● WORK REQUIRED: Retype all of the entries exactly as they appear.

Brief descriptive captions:
== Segment start ==

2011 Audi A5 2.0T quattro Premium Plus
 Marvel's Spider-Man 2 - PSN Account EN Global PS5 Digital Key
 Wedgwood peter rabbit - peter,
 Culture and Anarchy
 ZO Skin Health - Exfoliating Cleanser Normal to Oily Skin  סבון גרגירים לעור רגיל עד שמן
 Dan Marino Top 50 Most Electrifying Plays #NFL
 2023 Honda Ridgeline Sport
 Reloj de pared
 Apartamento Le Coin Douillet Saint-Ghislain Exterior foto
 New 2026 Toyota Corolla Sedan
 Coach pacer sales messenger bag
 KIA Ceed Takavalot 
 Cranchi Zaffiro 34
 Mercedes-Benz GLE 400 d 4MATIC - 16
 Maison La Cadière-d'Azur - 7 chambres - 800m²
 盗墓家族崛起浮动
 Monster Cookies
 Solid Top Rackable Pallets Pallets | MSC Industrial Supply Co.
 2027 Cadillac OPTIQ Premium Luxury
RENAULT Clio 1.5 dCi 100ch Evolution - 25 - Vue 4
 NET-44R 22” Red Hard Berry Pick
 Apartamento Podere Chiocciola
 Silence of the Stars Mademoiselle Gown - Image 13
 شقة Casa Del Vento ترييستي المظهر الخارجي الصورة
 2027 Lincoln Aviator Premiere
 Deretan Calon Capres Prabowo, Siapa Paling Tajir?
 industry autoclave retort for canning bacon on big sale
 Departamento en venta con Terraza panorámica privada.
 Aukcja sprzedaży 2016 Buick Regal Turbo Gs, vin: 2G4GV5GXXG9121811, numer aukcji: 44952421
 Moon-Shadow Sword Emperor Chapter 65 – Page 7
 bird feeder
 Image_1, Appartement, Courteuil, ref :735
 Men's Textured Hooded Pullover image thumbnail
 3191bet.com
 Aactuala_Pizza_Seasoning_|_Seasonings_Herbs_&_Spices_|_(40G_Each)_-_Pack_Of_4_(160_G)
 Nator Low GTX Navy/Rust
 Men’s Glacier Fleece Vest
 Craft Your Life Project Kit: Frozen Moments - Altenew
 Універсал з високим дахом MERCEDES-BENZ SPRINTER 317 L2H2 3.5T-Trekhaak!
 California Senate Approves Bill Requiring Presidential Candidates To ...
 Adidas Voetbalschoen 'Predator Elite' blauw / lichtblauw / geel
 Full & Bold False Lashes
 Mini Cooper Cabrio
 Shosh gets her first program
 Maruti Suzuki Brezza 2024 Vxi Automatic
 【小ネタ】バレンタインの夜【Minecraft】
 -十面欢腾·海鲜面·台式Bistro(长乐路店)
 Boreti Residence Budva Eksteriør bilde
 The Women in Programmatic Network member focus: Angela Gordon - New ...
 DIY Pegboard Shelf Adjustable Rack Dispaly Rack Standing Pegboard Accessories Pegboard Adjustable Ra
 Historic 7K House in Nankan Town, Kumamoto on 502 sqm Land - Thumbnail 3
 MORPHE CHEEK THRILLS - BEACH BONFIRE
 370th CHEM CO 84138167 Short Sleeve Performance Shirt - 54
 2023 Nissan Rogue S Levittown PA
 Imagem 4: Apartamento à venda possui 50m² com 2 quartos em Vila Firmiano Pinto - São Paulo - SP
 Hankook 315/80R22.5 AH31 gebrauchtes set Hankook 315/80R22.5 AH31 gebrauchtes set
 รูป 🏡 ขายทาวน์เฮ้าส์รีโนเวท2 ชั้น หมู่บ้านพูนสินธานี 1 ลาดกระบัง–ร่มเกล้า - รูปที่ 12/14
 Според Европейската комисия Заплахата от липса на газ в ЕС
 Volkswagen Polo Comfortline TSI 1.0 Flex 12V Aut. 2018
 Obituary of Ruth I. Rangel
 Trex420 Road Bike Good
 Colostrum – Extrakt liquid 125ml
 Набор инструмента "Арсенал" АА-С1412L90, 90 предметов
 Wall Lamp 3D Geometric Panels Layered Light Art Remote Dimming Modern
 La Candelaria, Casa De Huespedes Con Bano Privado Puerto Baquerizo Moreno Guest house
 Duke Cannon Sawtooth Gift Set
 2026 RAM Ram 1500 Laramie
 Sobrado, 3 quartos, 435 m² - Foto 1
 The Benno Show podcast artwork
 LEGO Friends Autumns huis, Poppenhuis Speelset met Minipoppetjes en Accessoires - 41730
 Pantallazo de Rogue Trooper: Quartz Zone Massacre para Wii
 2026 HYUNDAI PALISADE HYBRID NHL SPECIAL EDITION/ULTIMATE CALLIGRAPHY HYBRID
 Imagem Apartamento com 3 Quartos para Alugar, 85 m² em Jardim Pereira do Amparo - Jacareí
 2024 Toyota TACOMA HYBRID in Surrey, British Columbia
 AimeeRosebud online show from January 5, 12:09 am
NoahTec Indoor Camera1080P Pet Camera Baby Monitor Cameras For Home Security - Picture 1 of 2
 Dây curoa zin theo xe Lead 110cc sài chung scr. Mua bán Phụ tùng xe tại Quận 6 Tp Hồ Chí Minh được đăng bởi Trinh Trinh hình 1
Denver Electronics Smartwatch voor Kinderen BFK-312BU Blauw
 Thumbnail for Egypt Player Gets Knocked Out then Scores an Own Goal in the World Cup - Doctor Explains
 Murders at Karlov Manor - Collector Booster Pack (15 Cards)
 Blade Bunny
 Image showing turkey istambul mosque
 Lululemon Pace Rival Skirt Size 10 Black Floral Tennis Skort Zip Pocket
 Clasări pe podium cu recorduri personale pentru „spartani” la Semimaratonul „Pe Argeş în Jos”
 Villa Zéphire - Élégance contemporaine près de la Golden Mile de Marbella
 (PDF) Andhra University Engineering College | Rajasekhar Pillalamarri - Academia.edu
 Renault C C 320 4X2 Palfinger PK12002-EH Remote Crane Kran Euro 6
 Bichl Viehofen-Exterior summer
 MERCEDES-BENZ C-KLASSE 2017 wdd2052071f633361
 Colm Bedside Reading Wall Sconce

== Segment end ==

● FINISHED TASK:
2011 Audi A5 2.0T quattro Premium Plus
 Marvel's Spider-Man 2 - PSN Account EN Global PS5 Digital Key
 Wedgwood peter rabbit - peter,
 Culture and Anarchy
 ZO Skin Health - Exfoliating Cleanser Normal to Oily Skin  סבון גרגירים לעור רגיל עד שמן
 Dan Marino Top 50 Most Electrifying Plays #NFL
 2023 Honda Ridgeline Sport
 Reloj de pared
 Apartamento Le Coin Douillet Saint-Ghislain Exterior foto
 New 2026 Toyota Corolla Sedan
 Coach pacer sales messenger bag
 KIA Ceed Takavalot 
 Cranchi Zaffiro 34
 Mercedes-Benz GLE 400 d 4MATIC - 16
 Maison La Cadière-d'Azur - 7 chambres - 800m²
 盗墓家族崛起浮动
 Monster Cookies
 Solid Top Rackable Pallets Pallets | MSC Industrial Supply Co.
 2027 Cadillac OPTIQ Premium Luxury
RENAULT Clio 1.5 dCi 100ch Evolution - 25 - Vue 4
 NET-44R 22” Red Hard Berry Pick
 Apartamento Podere Chiocciola
 Silence of the Stars Mademoiselle Gown - Image 13
 شقة Casa Del Vento ترييستي المظهر الخارجي الصورة
 2027 Lincoln Aviator Premiere
 Deretan Calon Capres Prabowo, Siapa Paling Tajir?
 industry autoclave retort for canning bacon on big sale
 Departamento en venta con Terraza panorámica privada.
 Aukcja sprzedaży 2016 Buick Regal Turbo Gs, vin: 2G4GV5GXXG9121811, numer aukcji: 44952421
 Moon-Shadow Sword Emperor Chapter 65 – Page 7
 bird feeder
 Image_1, Appartement, Courteuil, ref :735
 Men's Textured Hooded Pullover image thumbnail
 3191bet.com
 Aactuala_Pizza_Seasoning_|_Seasonings_Herbs_&_Spices_|_(40G_Each)_-_Pack_Of_4_(160_G)
 Nator Low GTX Navy/Rust
 Men’s Glacier Fleece Vest
 Craft Your Life Project Kit: Frozen Moments - Altenew
 Універсал з високим дахом MERCEDES-BENZ SPRINTER 317 L2H2 3.5T-Trekhaak!
 California Senate Approves Bill Requiring Presidential Candidates To ...
 Adidas Voetbalschoen 'Predator Elite' blauw / lichtblauw / geel
 Full & Bold False Lashes
 Mini Cooper Cabrio
 Shosh gets her first program
 Maruti Suzuki Brezza 2024 Vxi Automatic
 【小ネタ】バレンタインの夜【Minecraft】
 -十面欢腾·海鲜面·台式Bistro(长乐路店)
 Boreti Residence Budva Eksteriør bilde
 The Women in Programmatic Network member focus: Angela Gordon - New ...
 DIY Pegboard Shelf Adjustable Rack Dispaly Rack Standing Pegboard Accessories Pegboard Adjustable Ra
 Historic 7K House in Nankan Town, Kumamoto on 502 sqm Land - Thumbnail 3
 MORPHE CHEEK THRILLS - BEACH BONFIRE
 370th CHEM CO 84138167 Short Sleeve Performance Shirt - 54
 2023 Nissan Rogue S Levittown PA
 Imagem 4: Apartamento à venda possui 50m² com 2 quartos em Vila Firmiano Pinto - São Paulo - SP
 Hankook 315/80R22.5 AH31 gebrauchtes set Hankook 315/80R22.5 AH31 gebrauchtes set
 รูป 🏡 ขายทาวน์เฮ้าส์รีโนเวท2 ชั้น หมู่บ้านพูนสินธานี 1 ลาดกระบัง–ร่มเกล้า - รูปที่ 12/14
 Според Европейската комисия Заплахата от липса на газ в ЕС
 Volkswagen Polo Comfortline TSI 1.0 Flex 12V Aut. 2018
 Obituary of Ruth I. Rangel
 Trex420 Road Bike Good
 Colostrum – Extrakt liquid 125ml
 Набор инструмента "Арсенал" АА-С1412L90, 90 предметов
 Wall Lamp 3D Geometric Panels Layered Light Art Remote Dimming Modern
 La Candelaria, Casa De Huespedes Con Bano Privado Puerto Baquerizo Moreno Guest house
 Duke Cannon Sawtooth Gift Set
 2026 RAM Ram 1500 Laramie
 Sobrado, 3 quartos, 435 m² - Foto 1
 The Benno Show podcast artwork
 LEGO Friends Autumns huis, Poppenhuis Speelset met Minipoppetjes en Accessoires - 41730
 Pantallazo de Rogue Trooper: Quartz Zone Massacre para Wii
 2026 HYUNDAI PALISADE HYBRID NHL SPECIAL EDITION/ULTIMATE CALLIGRAPHY HYBRID
 Imagem Apartamento com 3 Quartos para Alugar, 85 m² em Jardim Pereira do Amparo - Jacareí
 2024 Toyota TACOMA HYBRID in Surrey, British Columbia
 AimeeRosebud online show from January 5, 12:09 am
NoahTec Indoor Camera1080P Pet Camera Baby Monitor Cameras For Home Security - Picture 1 of 2
 Dây curoa zin theo xe Lead 110cc sài chung scr. Mua bán Phụ tùng xe tại Quận 6 Tp Hồ Chí Minh được đăng bởi Trinh Trinh hình 1
Denver Electronics Smartwatch voor Kinderen BFK-312BU Blauw
 Thumbnail for Egypt Player Gets Knocked Out then Scores an Own Goal in the World Cup - Doctor Explains
 Murders at Karlov Manor - Collector Booster Pack (15 Cards)
 Blade Bunny
 Image showing turkey istambul mosque
 Lululemon Pace Rival Skirt Size 10 Black Floral Tennis Skort Zip Pocket
 Clasări pe podium cu recorduri personale pentru „spartani” la Semimaratonul „Pe Argeş în Jos”
 Villa Zéphire - Élégance contemporaine près de la Golden Mile de Marbella
 (PDF) Andhra University Engineering College | Rajasekhar Pillalamarri - Academia.edu
 Renault C C 320 4X2 Palfinger PK12002-EH Remote Crane Kran Euro 6
 Bichl Viehofen-Exterior summer
 MERCEDES-BENZ C-KLASSE 2017 wdd2052071f633361
 Colm Bedside Reading Wall Sconce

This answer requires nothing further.